毎日新聞 2015年05月31日 23時22分(最終更新 05月31日 23時22分)

 「世界の水銀対策をリードする」。望月義夫環境相は31日の新潟水俣病公式確認50年式典で、世界的に水銀の製造や輸出入を規制する水俣条約の早期締結に向け決意を述べた。

 先進国では水銀の使用量は減ったが、途上国では今も水銀は体温計や血圧計などに使われている。小規模金採掘で利用された水銀は環境中に排出され、健康被害が出ており、世界が協力して規制に動き出した。だが、水銀の健康被害の全容はいまだに解明されていない。

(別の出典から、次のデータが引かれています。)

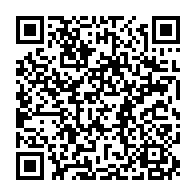 Ir para edição através do QRcode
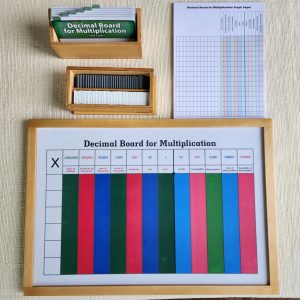 Decimal Board for Multiplication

 世界保健機関(WHO)は、成人の毛髪に含まれる水銀濃度が50ppm以上になると神経症状が表れる可能性があるとする。環境省も「世界的に合意された数字」との見解だ。

 しかし、新潟青陵大福祉心理学部の丸山公男教授(精神医学)は、新潟大などが1965年に実施した住民調査を改めて調べた結果、手足のしびれなどの神経症状が出た成人の新潟水俣病患者103人のうち、48人が毛髪水銀濃度が50ppm未満だったとの論文をまとめ2012年に米医学誌に発表した。

 今年3月の新潟水俣病3次訴訟新潟地裁判決では、水銀摂取後、40年以上経過して発症する「遅発性水俣病」の可能性が初めて認められた。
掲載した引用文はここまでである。